Message by Maryam Rajavi for the 30th anniversary of the massacre of 30,000 red roses of freedom
Categories // Messages : freedom and democracy in Iran
The thirtieth anniversary of the massacre of 30,000 political prisoners in Iran, the red roses of freedom, is a day of taking pride for every freedom-loving Iranian and every Iranian protester who has opted to topple the mullahs’ religious dictatorship.
The PMOI members and other freedom-loving combatants who were massacred in 1988, stood tall when hanged from the gallows so that the Iranian nation could be proud in one of the darkest eras of her history.
Khomeini wished to remove every single trace of them, so that nothing would remain of their graves and even of their names. But they were neither forgotten nor silenced. To the contrary, they rose up again from fameless towns and cities, from Izeh, Doroud, Ghahdarijan, Touyserkan, Baneh, Kazerun and Chabahar, to fuel the flames of the uprising in December/January and spread the protests all across the country.
This is their nocturnal song whispering in our ears:
I am the bird of fire
I am burning in the flames of my blazing love
When I completely burn
and the flames of my restless spirit subside,
I will rise again
from below the ashes
and start life anew
Yes, they remained steadfast in defending the PMOI’s positions for the Iranian nation’s freedom.
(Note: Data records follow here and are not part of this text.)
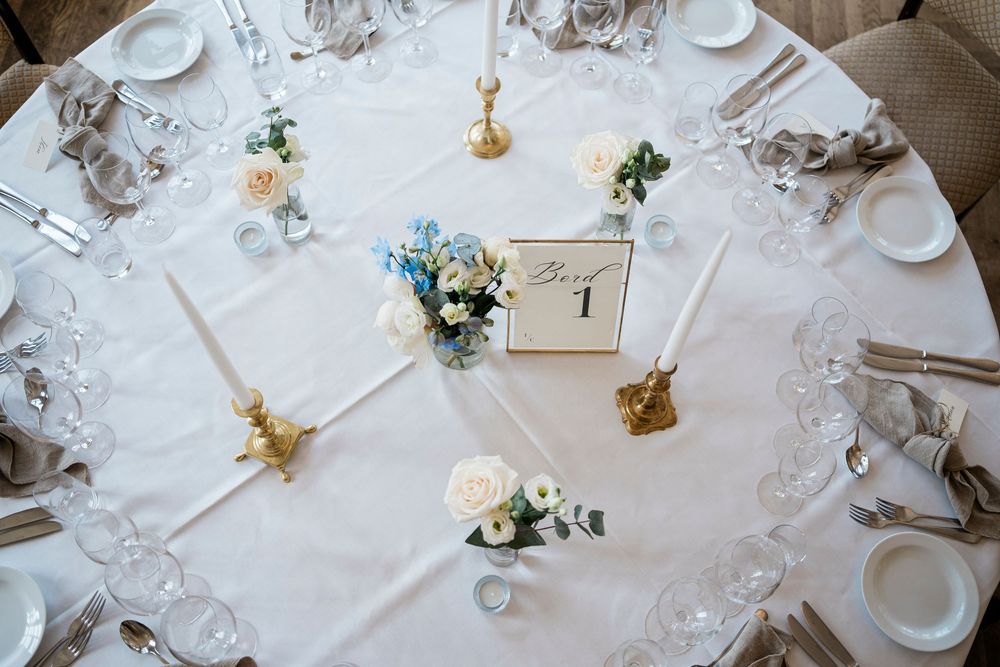 Overhead view of a formal round dining table with white linens, table number one, and floral centerpieces.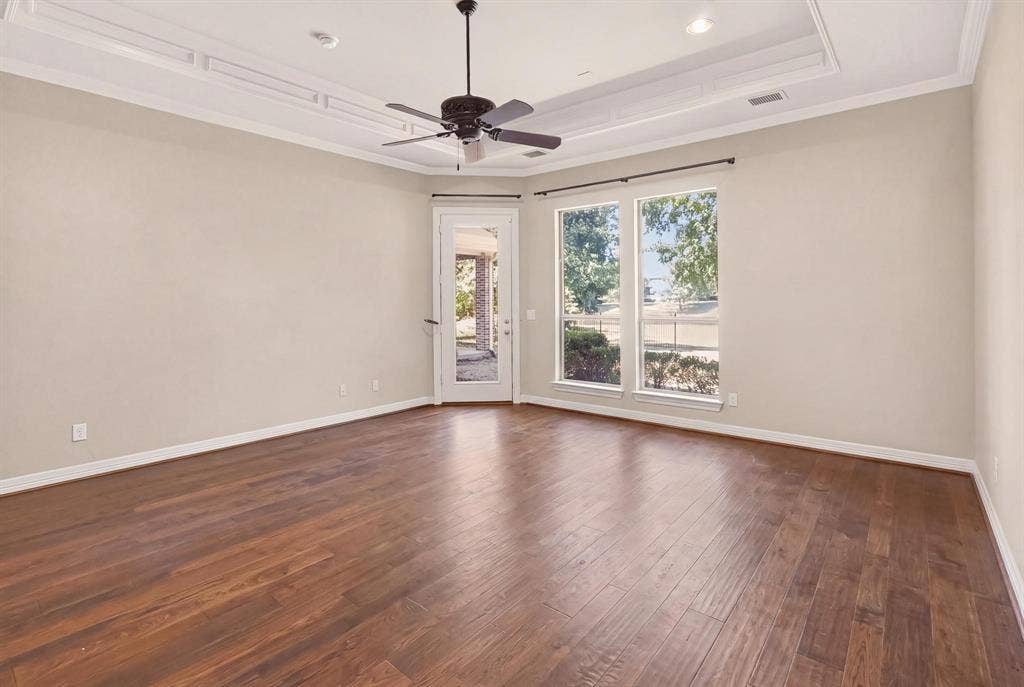 112 Winsley Circle, McKinney, TX 75071 Spacious primary bedroom with water view and patio access.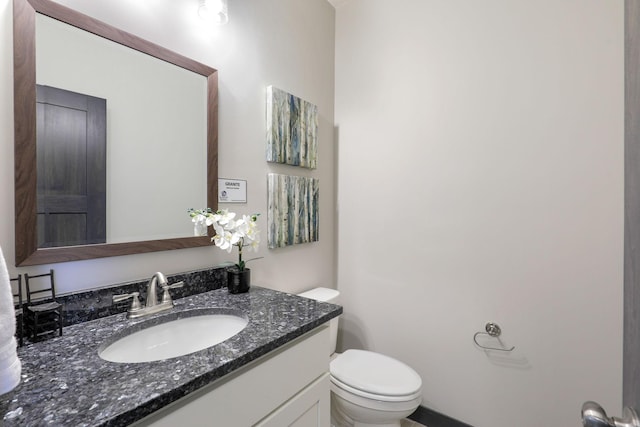 bathroom featuring toilet and vanity with extensive cabinet space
They solidified the crimson demarcation lines of freedom and honor against submission and servitude. They are the restless conscience of Iranian society who sow the seeds of protest and revolt.
The nationwide uprising persisting today is the continuation of their blood-drenched perseverance. The resistance units and pioneers of the Call-for-Justice movement continue the path of those heroes.
Calling for justice for the victims of the 1988 massacre is one of the most important political demands of the Iranian people from the mullahs’ regime. Today, this call has challenged the regime in its entirety. The regime’s leaders neither dare to defend Khomeini’s fatwa for the massacre of the Mojahedin, nor can they distance themselves from this great crime because all of them were, directly or indirectly, involved in this crime.
Thirty years ago, the ramifications of the massacre of political prisoners caused the biggest rift in the highest levels of the Khomeini regime and led to the ouster of his heir-apparent, and today, despite passage of three decades, they still challenge the ruling mullahs.
The mullahs continue to struggle to remove the traces of their crimes. Razing the graves of the massacred children of Khuzestan in Ahvaz, which Amnesty International described as an example of torture of their families, is part of the regime’s criminal efforts to confront the Call-for-Justice movement.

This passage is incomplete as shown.